WORK REQUEST -
Among the lines below, the one containing "Vélo De Ville" opens the range and the one containing "HABA Little Friends 北极熊摆件，适合极地主题玩耍" closes it. Print that range exactly, without the pictures.

━━ STORED DATA ━━

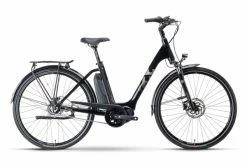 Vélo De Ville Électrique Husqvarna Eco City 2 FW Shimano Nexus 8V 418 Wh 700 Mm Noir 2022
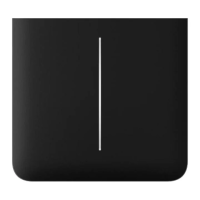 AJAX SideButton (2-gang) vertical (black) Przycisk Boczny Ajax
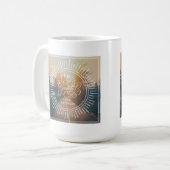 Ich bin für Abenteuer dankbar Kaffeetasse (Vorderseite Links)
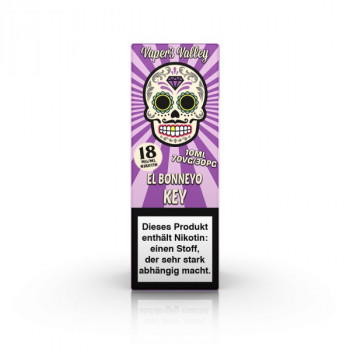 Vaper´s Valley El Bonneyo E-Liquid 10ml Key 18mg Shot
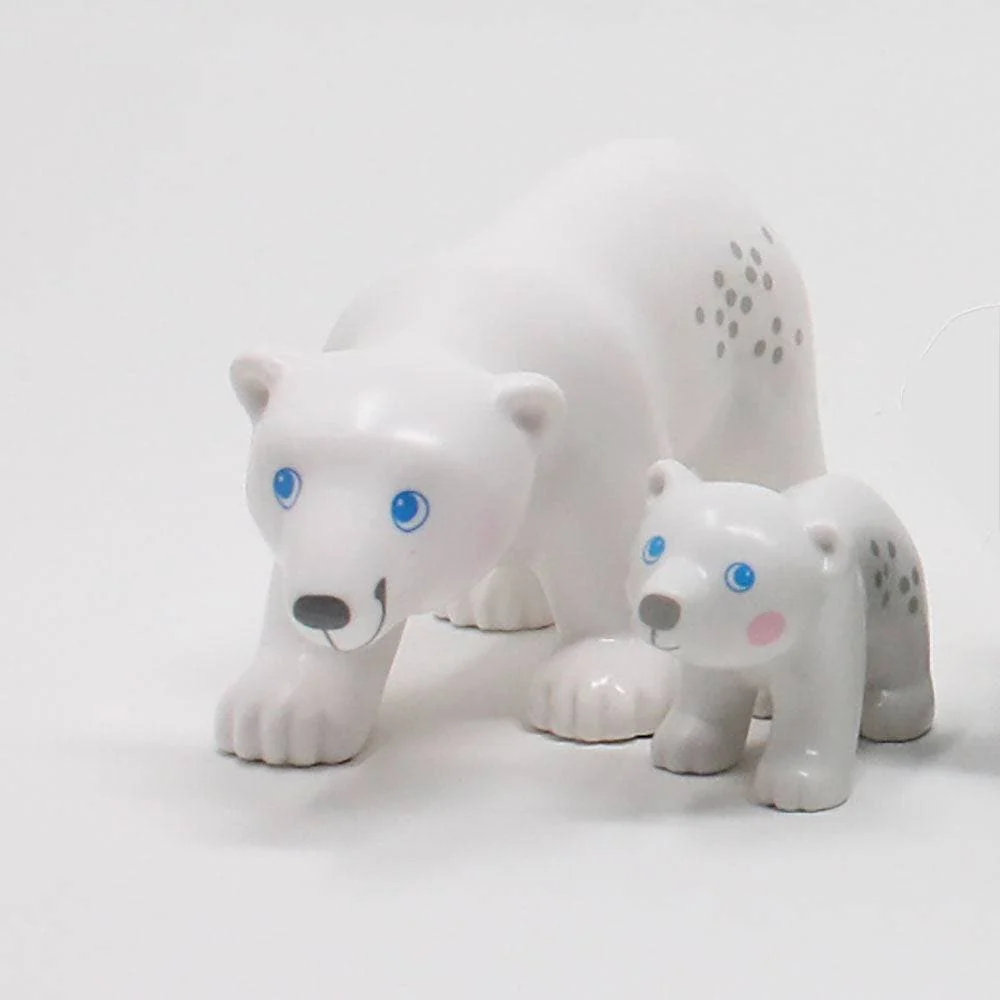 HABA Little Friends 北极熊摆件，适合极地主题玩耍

━━━
━━ STORED DATA ━━

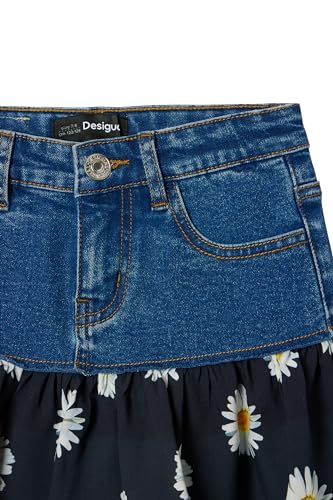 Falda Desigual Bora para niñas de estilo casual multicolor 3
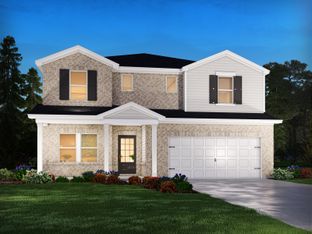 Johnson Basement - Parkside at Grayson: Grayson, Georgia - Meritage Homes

━━━

SOLUTION TO THIS TASK -
 Vélo De Ville Électrique Husqvarna Eco City 2 FW Shimano Nexus 8V 418 Wh 700 Mm Noir 2022
 AJAX SideButton (2-gang) vertical (black) Przycisk Boczny Ajax
 Ich bin für Abenteuer dankbar Kaffeetasse (Vorderseite Links)
 Vaper´s Valley El Bonneyo E-Liquid 10ml Key 18mg Shot
 HABA Little Friends 北极熊摆件，适合极地主题玩耍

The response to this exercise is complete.